The problem with the Ellesmere illuminator’s plans is clearly that the original image was a 3/4 portrait, and at some point in the planning of the Ellesmere manuscript it had been decided that all the pilgrims, Chaucer included, would be depicted on horseback in the margin of their respective tales.**** So it fell to the illuminator to sketch a horse in underneath the famous picture. The result is poor compositing, fifteenth-century style. Though, to give credit where it’s due, turning the rosary in the Hoccleve Chaucer’s portrait into the reins of the horse in the Ellesmere is pretty inspired.
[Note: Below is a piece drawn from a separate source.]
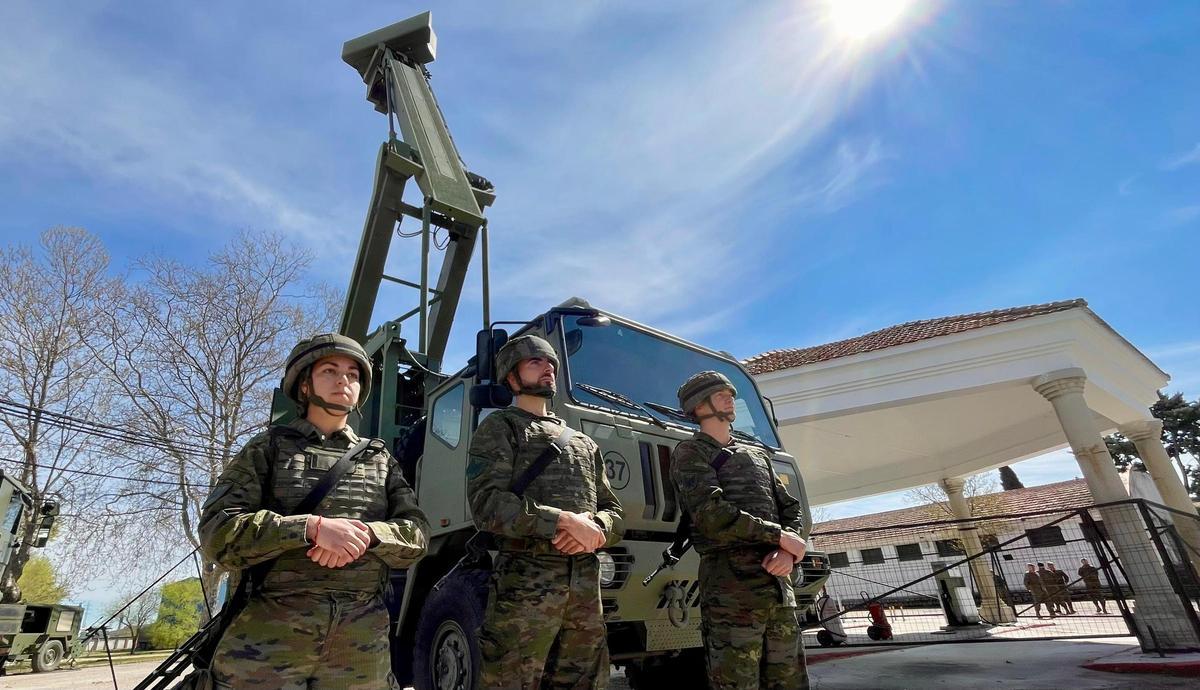 Soldados de Regimiento de Artillería Antiaérea 71 de Madrid con uno de sus radares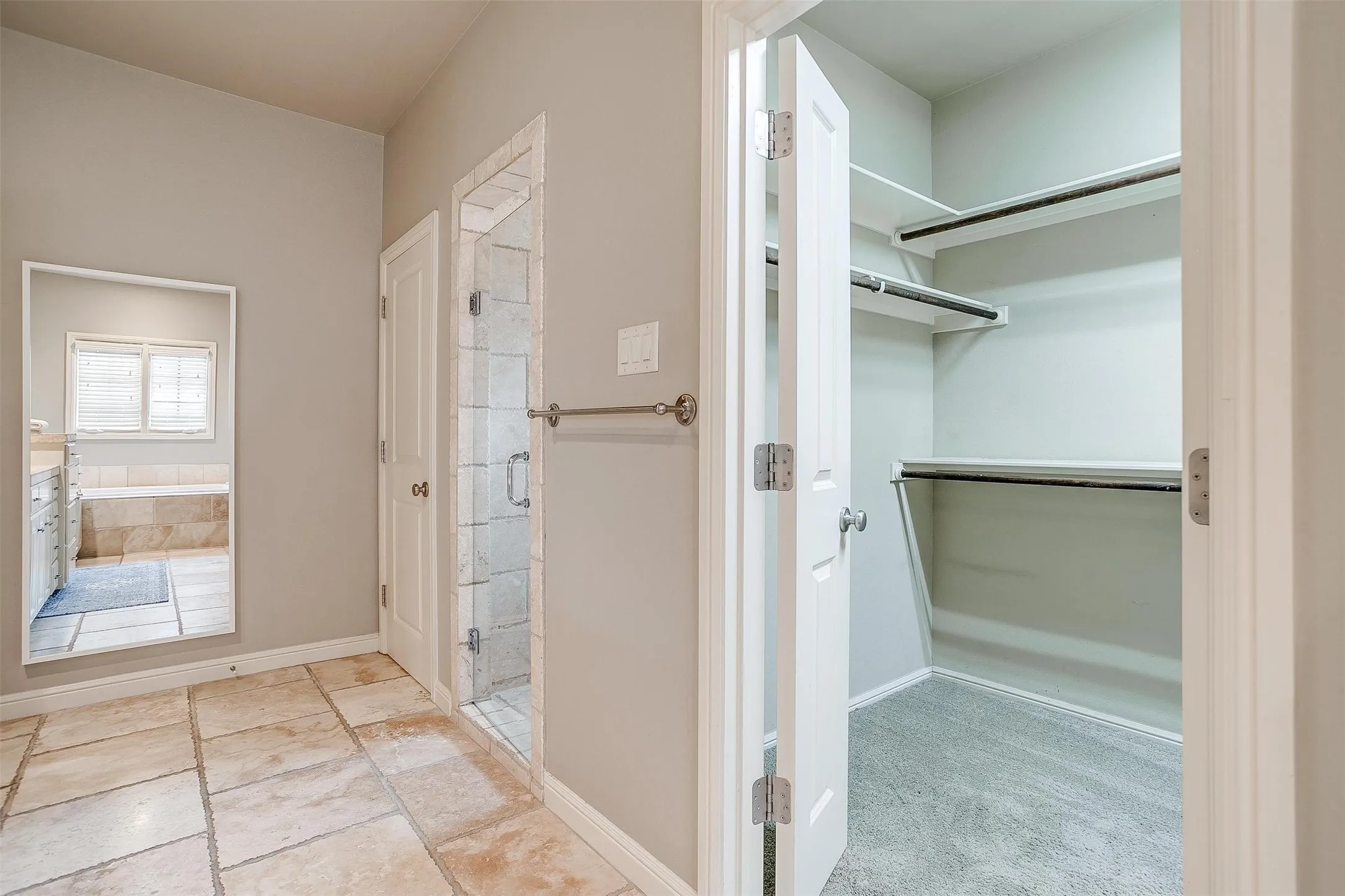 Townhouse For Rent in Tarrant County , 3727 W 4th Street, Fort Worth, Texas 76107, 2 Bedroom, 3 Bathroom, 2 Garage spaces, 2,000 Sqft, built in 2005, mls#21378581, Real Estate Agent in Fort Worth, Homes For Rent in Tarrant county, Homes For Rent in Fort Worth, Realtor in Fort Worth Texas, Real Estate Brokerage Independent Realty Texas, Luminita Cordes Realtor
Now, one corollary of this botched medieval photoshopping is that the Ellesmere manuscript has got to be later than Hoccleve’s Regiment of Princes (circa 1411 or so, last I heard). So those of you trying to push Ellesmere back to 1405 or so need to lay off. Yes, it’s a pretty manuscript, but pretty does not authority make. Though, I suppose if you wanted to, you could argue that Hoccleve’s artist swiped from Ellesmere (especially since lots of people don’t believe Hoccleve knew Chaucer), but if that is the case then we really have to wonder why the Ellesmere artist went with Chaucer the overweight stumpy midget in the first place, and why Hoccleve’s artist knew enough to fix it.*****

*Paul Bettany, who played Chaucer in the tragically under-appreciated A Knight’s Tale, seems to subscribe to the second theory. In preparation for the role he was given a selection of Chaucer paraphernalia that included the Ellesmere portrait, causing him to remark on the commentary track to the effect that “Chaucer was apparently some sort of overweight dwarf. I decided to go another way with the character, but I think you can see the inner dwarf shining through.”**
**I’ll get the exact quote later.
***And it must be noted that several of the other Ellesmere portraits have too-large people atop them, but none so disproportionate as Chaucer.
****This, in itself, is an odd choice, since not all the pilgrims appear to ride horses in General Prologue. It would certainly be weird for some of the poorer pilgrims to be mounted.
*****One final note. For the record, this whole composting thing is not my personal discovery or anything. I first learned of it in a class taught by Derek Pearsall. That it’s essentially a case of bad photoshop, that’s my only contribution.